Franklin Templeton to Buy Legg Mason for $4.5 Billion

Franklin Resources Inc. (NYSE: BEN), a global investment management organization operating as Franklin Templeton with approximately $688 billion in assets under management, plans to purchase Legg Mason Inc. (NYSE: LM) for $50.00 per share of common stock in an all-cash transaction.

The $4.5 billion consideration will be funded from Franklin Templeton’s existing balance sheet cash, and the company will also assume approximately $2 billion of Legg Mason’s outstanding debt.

The transaction has been unanimously approved by the boards of both companies and is expected to close no later than the third calendar quarter of 2020.

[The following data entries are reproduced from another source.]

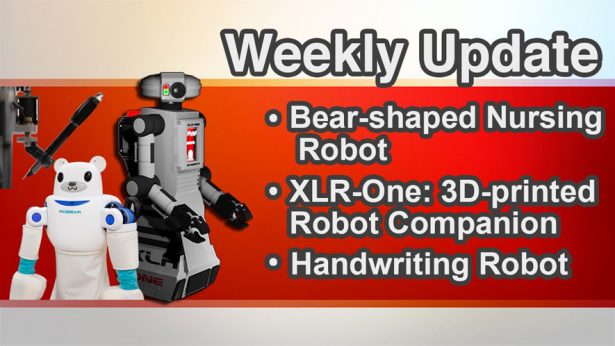 Bear-shaped Nursing Robot XLR-One 3D-Printed Robot Companion Handwriting Robot
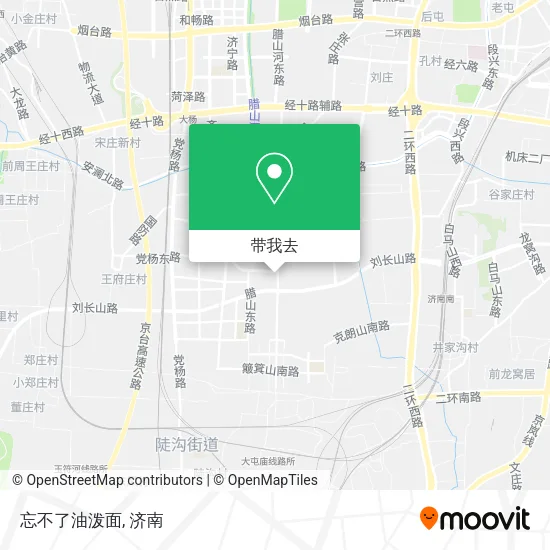 忘不了油泼面地图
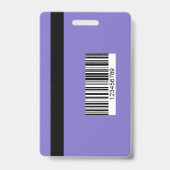 Elegant Lavender Work Office Identification ID Badge (Achterkant)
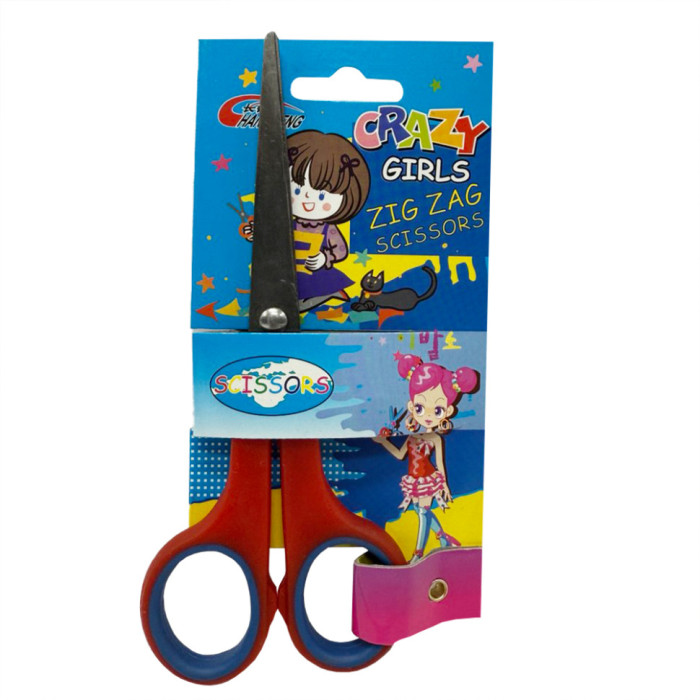 Дитячі ножиці канцелярські "№6 Scissors C" 50434(Red) довжина 14,3 см, леза 7,5 см COLOR-IT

The acquisition of Legg Mason and its multiple investment affiliates, which collectively manage more than $806 billion in assets as of January 31, 2020, will establish Franklin Templeton as one of the world’s largest independent global investment managers with a combined $1.5 trillion in AUM.

Legg Mason’s affiliates include Brandywine Global, Clarion Partners, ClearBridge Investments, Martin Currie, QS Investors, Royce Investment Partners, and Western Asset.

“The incredibly strong fit between our two organizations gives me the utmost confidence that this transaction will create meaningful long-term benefits for our clients and provide our shareholders with a compelling valuation for their investment,” said Joseph Sullivan, chairman and CEO of Legg Mason. “By preserving the autonomy of each investment organization, the combination of Legg Mason and Franklin Templeton will quickly leverage our collective strengths, while minimizing the risk of disruption.”

Following the closing of the transaction, Jenny Johnson will continue to serve as Franklin Templeton’s president and chief executive officer, and Greg Johnson will continue as executive chairman of the board. There will be no changes to the senior management teams of Legg Mason’s investment affiliates. Global headquarters will remain in San Mateo, California and the combined firm will operate as Franklin Templeton.

EnTrust Global, a Legg Mason affiliate that provides alternative investment services, and Franklin Templeton, jointly agreed that it was in their best interest that EnTrust repurchase its business, which will be acquired by its management at closing. EnTrust will maintain an ongoing relationship with Franklin Templeton, the company said.

Upon closing, Franklin Templeton expects pro forma gross debt to be approximately $2.7 billion with remaining cash and investments of approximately $5.3 billion.

Legg Mason stock shot up 24.4 percent to $50.66 per share on Tuesday following the announcement, and Franklin Templeton stock increased 6.9 percent to $26.05 per share.

Last February, Franklin Templeton purchased Benefit Street Partners LLC, an alternative credit manager with approximately $26 billion in assets under management. Benefit Street affiliates serve as the advisers to Business Development Corporation of America (BDCA) and Benefit Street Partners Realty Trust (formerly Realty Finance Trust), a business development company and non-traded REIT, respectively, both formerly managed by AR Global.